There’s a scene early on which speaks to this quite clearly. Three men, agents all, are driving down a country road when they notice a fly has made its way into their vehicle. The driver and front-seat passenger swat it away, in both instances removing it from their immediate vicinity without actually eliminating it as a problem. Smiley, silent in the backseat, opens the window and lets it fly out of its own volition. He does so without the slightest hint of the annoyance which colored the other men’s actions. Not all agents are created equal, clearly, but there’s an ease with which this man puts the pieces of any given situation together that almost seems blasé in its effortlessness. That it doesn’t perhaps has as even more to do with Gary Oldman, whose performance is at once restrained and quietly compelling, than with the source material, script, and direction. Oldman has always been eminently watchable, but his embodiment of George Smiley is compelling in a way that feels entirely new. He never raises his voice, never loses his cool, and is perhaps the only one of these men who is every bit as in control of his own actions—and, more importantly, cognizant of how they’ll affect others’—as he presents himself to be. An atypical player in a game that’s slowly growing bland and undifferentiated even as its stakes are raised ever higher, he’s strangely comfortable with the knowledge that nothing can be taken at face value.

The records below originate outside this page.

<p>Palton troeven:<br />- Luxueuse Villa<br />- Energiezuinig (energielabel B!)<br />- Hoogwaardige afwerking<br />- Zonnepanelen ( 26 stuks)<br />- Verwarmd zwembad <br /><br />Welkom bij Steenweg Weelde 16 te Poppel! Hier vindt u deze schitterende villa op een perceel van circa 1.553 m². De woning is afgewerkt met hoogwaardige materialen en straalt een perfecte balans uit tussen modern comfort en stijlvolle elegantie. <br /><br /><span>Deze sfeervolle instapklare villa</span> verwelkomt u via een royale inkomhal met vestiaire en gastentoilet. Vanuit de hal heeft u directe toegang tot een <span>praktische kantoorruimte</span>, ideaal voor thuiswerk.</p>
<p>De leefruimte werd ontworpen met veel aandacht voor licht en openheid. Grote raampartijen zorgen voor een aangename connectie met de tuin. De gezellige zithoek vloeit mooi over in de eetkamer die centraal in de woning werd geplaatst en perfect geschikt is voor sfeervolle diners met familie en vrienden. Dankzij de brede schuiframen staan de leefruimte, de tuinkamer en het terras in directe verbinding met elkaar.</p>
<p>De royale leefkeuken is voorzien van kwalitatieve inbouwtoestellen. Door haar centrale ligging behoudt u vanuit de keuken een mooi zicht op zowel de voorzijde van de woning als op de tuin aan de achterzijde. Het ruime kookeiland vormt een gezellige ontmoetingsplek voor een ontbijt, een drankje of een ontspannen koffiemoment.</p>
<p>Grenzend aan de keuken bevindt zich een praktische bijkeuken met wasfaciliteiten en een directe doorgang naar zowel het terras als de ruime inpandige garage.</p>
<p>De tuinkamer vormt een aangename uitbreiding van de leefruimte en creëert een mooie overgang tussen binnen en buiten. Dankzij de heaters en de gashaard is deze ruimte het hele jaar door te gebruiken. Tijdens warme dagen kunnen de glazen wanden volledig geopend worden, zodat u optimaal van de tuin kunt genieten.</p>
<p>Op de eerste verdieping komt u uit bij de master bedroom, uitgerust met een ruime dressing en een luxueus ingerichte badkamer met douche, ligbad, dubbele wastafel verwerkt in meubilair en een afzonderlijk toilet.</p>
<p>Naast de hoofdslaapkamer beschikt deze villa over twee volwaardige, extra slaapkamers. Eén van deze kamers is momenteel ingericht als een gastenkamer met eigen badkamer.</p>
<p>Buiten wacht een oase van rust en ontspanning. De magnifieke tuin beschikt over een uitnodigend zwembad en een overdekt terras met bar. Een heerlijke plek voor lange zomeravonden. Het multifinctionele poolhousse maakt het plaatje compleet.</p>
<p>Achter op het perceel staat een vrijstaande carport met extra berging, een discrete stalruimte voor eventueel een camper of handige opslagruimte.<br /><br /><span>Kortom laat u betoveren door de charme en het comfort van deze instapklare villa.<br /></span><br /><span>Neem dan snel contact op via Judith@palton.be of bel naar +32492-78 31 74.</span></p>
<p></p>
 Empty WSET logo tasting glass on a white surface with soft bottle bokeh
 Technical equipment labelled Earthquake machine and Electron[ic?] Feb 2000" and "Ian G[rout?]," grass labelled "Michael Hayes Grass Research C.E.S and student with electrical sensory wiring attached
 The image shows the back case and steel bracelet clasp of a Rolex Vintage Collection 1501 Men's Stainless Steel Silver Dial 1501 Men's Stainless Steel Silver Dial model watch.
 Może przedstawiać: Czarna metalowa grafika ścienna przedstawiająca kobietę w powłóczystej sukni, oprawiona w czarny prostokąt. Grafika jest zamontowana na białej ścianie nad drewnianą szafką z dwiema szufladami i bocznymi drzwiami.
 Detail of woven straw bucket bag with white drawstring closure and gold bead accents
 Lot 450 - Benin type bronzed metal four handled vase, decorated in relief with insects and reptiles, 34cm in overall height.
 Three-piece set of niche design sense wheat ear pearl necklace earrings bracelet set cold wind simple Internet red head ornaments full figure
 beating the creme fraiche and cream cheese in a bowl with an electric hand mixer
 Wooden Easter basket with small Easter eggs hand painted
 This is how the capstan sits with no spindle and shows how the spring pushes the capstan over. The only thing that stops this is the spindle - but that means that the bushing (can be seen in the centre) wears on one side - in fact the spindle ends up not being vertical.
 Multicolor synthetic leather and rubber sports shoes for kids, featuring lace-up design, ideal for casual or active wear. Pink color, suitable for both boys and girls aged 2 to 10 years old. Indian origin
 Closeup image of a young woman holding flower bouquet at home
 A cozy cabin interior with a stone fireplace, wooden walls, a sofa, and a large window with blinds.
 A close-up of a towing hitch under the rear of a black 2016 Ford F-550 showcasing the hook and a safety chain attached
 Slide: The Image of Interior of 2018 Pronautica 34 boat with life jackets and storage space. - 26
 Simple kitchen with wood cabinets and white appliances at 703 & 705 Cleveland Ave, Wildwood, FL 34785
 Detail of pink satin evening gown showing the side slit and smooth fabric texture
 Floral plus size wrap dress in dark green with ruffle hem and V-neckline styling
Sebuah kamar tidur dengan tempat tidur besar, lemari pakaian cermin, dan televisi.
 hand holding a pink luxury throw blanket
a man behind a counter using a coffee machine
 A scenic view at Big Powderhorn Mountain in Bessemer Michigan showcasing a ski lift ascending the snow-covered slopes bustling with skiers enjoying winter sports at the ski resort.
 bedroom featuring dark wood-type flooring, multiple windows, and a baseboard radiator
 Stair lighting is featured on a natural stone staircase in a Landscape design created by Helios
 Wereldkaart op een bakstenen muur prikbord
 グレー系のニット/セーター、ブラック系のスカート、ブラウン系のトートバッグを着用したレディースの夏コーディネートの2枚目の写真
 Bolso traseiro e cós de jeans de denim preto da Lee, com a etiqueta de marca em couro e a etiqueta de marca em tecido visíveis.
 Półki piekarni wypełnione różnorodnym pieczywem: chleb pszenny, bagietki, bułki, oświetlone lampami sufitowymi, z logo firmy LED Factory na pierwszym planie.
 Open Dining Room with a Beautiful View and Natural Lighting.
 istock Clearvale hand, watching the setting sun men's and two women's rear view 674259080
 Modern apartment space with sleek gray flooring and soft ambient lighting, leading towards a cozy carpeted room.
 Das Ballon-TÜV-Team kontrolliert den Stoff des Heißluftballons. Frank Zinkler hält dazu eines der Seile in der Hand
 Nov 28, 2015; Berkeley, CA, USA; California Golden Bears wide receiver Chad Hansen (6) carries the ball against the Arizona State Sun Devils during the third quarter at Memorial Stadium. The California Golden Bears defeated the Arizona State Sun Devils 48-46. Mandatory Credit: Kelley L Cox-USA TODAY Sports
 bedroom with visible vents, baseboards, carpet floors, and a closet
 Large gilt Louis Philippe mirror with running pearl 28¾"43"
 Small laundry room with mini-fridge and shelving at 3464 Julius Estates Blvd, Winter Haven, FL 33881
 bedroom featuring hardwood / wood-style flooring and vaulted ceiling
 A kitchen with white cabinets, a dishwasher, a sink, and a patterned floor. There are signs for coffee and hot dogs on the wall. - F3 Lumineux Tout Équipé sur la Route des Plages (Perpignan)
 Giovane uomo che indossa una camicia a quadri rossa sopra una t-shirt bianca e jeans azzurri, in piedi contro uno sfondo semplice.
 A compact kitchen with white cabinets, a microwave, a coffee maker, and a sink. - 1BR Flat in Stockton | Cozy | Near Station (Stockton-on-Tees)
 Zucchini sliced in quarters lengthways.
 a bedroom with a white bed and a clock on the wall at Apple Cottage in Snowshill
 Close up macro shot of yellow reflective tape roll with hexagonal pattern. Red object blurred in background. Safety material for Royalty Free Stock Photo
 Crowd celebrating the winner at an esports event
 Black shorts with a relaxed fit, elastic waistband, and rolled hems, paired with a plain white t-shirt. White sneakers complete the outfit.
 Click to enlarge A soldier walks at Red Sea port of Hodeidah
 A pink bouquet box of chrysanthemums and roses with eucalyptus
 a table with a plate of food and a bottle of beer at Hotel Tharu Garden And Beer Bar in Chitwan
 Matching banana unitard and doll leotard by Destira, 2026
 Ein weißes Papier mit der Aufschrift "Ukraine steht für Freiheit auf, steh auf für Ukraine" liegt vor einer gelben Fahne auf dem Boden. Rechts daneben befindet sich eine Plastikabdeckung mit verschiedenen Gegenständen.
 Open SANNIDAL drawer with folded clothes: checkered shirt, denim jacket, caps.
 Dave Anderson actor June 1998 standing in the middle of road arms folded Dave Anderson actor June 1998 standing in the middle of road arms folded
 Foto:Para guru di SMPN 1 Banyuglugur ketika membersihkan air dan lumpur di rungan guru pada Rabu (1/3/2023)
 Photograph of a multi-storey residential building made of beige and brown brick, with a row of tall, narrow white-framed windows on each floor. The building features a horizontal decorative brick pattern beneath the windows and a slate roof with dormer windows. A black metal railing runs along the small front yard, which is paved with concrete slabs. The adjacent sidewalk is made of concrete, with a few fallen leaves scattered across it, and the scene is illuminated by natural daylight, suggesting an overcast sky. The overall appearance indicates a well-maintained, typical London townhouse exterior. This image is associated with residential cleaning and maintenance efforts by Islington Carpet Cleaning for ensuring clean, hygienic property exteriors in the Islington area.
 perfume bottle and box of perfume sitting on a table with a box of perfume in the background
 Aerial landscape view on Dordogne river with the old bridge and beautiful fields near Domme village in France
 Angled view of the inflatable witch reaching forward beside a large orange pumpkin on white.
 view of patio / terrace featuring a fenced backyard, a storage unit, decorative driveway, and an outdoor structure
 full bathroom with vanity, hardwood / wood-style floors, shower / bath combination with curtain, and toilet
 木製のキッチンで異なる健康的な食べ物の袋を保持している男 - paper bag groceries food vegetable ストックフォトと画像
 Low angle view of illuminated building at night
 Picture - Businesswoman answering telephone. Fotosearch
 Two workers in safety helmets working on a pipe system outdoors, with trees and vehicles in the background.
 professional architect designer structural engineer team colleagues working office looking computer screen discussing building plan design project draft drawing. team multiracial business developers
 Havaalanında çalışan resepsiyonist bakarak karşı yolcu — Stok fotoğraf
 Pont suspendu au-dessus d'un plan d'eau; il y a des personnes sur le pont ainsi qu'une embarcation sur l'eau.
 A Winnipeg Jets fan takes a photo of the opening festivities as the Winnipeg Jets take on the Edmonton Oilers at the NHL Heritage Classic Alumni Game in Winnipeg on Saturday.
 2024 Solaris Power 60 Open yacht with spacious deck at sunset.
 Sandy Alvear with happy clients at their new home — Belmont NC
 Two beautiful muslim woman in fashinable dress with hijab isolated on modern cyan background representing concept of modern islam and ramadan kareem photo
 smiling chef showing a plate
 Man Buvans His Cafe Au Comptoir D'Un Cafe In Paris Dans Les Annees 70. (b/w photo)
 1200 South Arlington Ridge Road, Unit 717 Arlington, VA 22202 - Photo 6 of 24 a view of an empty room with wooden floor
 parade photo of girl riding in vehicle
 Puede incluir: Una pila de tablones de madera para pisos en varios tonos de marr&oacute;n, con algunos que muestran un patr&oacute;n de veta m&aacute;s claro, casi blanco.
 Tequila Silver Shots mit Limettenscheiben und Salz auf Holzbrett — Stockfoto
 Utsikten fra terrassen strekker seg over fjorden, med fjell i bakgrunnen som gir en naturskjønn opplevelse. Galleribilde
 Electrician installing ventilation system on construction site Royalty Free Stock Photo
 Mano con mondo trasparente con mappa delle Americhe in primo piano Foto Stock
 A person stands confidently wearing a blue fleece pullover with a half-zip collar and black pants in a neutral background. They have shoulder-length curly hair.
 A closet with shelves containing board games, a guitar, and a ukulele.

The revelation of just who the mole at the center of the story is comes off as a mite anticlimactic, perhaps intentionally so. The result of the constant sleuthing on the part of both character and audience is set up from the very beginning as yet another source of disillusionment rather than excitement; to expect, hope for, or deliver anything else would be inconsistent with each of the carefully-constructed preceding scenes. This is a cumulative, slow-building affair favoring depth over breadth, and its tonal consistency is a marvel in its own right. Much of what occurs surprises us in the moment, but seconds later it feels as though it couldn’t have happened in any other way. Tinker, Tailor, Soldier, Spy inhabits a moral grey zone, but its dimly-lit, yellow- and orange-tinted color palette suggests an almost gastric sense of growing disgust. In a film so insistently cerebral, such a bodily element as this is not to be overlooked.